Perhaps less well known is Livermore’s rich heritage in applied biological and biomedical research. In 1963, the Laboratory established a program to investigate how radiation and chemicals interact with human genetic material to produce mutations. We also worked with the Department of Energy (DOE) to establish the Human Genome Project and took on the effort to complete the mapping and sequencing of human chromosome 19. Over the past few decades, our researchers have helped change the biomedical world by developing instruments that sort cells and analyze DNA and by creating advanced simulations that mimic physiological functions, including a beating human heart.

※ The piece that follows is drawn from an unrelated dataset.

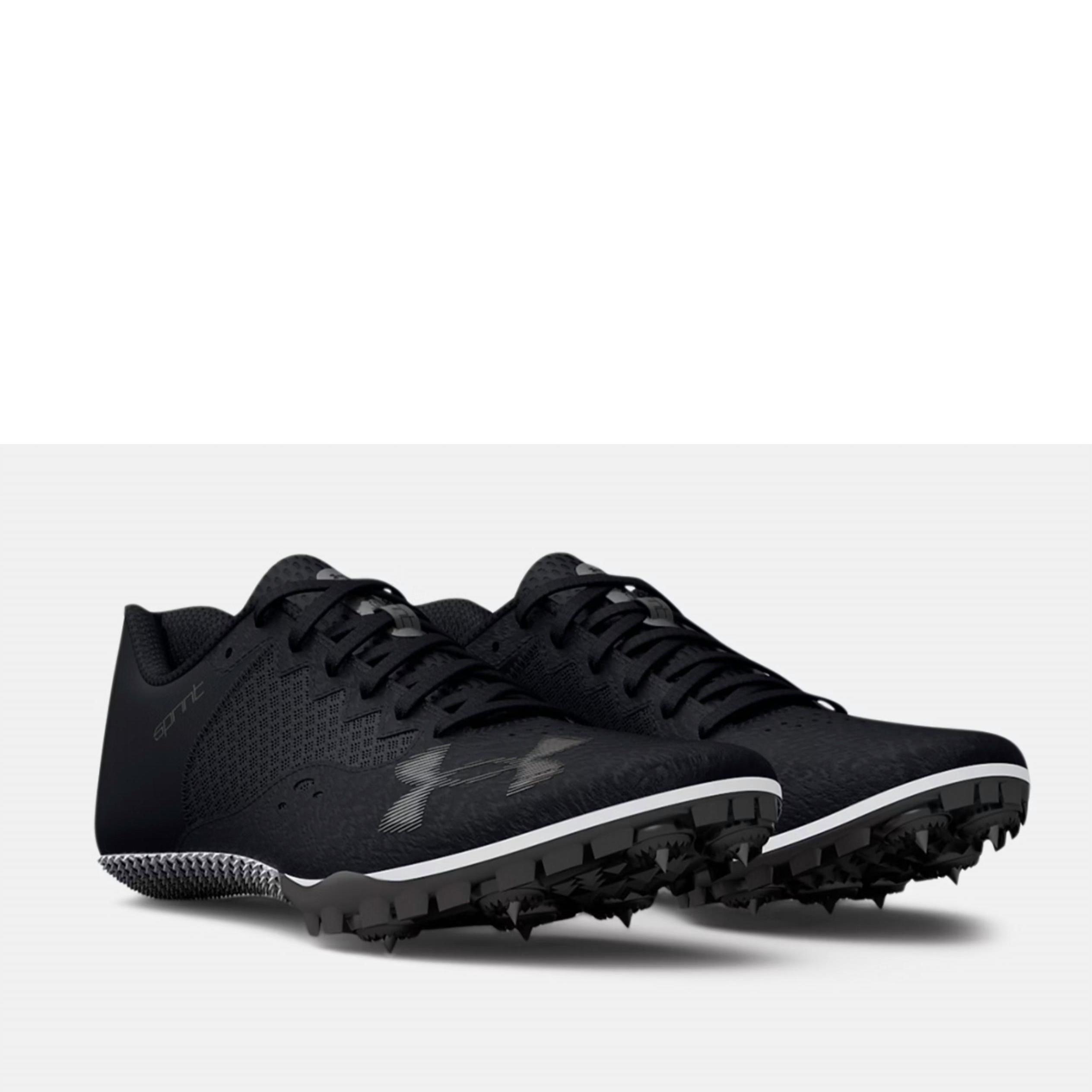 New Under Armour Men's Kick Sprint Four Track Spike Shoes In Black/White/Metalli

Lawrence Livermore is now helping to lead the national effort to bring the most powerful HPC resources to bear on pressing medical issues. The initiative comes at a time of reduced pharmaceutical research and development outlays and increasing microbial resistance to antibiotics, as well as explosive growth in the quantity and complexity of biological and patient data. Livermore experts are showing how to analyze enormous and disparate data sets with new algorithms and specialized machines designed for analyzing and making sense of “big data.”

As described in the feature article, High-Performance Computing Takes Aim at Cancer, Lawrence Livermore is proud to be a major collaborator in a groundbreaking partnership between DOE and the National Cancer Institute (NCI) that represents a revolutionary approach to enhanced understanding of human biology and health, the treatment and prevention of disease, and biosecurity. The effort leverages DOE’s enormous investments in some of the world’s most powerful supercomputers, large-scale simulation techniques, advanced software, and data analytics. Three pilot programs are focused on topics ranging from analysis of single molecules to entire human populations. Lawrence Livermore researchers play important roles in all three pilot programs.

The DOE–NCI partnership resides under the umbrella of the National Strategic Computing Initiative (NSCI), which outlines a cohesive federal investment strategy in HPC. As a lead NSCI agency, DOE has been exploring how to apply HPC to societal challenges. The computing resources resident in DOE national laboratories offer enormous potential for advancing breakthroughs in medicine and healthcare. In that respect, the partnership is also an essential element of the national Cancer Moonshot Initiative, which aims to accelerate effective treatment options for cancer.

Our participation in the DOE–NCI partnership is indicative of nearly all research efforts at the Laboratory, where collaborations predominate and thrive. For example, we are working with University of California (UC) institutions to apply HPC to other projects in cancer research, including the study of breast cancer metastasis. Our computer scientists and supercomputing capabilities are also integral as part of an effort with Norwegian researchers to analyze medical data to improve screening for cervical cancer. We are also in early discussions with the UC Office of the President and UC San Francisco to combine our strengths and possibly develop an innovative research facility in the San Francisco Bay Area that takes advantage of both HPC and biomedical expertise in the region to advance medical breakthroughs. Other discussions with pharmaceutical companies focus on collaborations designed to radically reduce the time required for drug discovery.

We are looking at a true revolution in medicine made possible by the convergence of HPC, big data, and biomedical research. In addition, our work on understanding complex biomedical systems through HPC helps inform the design of new computer architectures, algorithms, and computational approaches for national security applications. The results of these efforts may well be twofold: better health for all Americans through the development of “precision medicine” and improved HPC capabilities for tackling our biggest scientific challenges.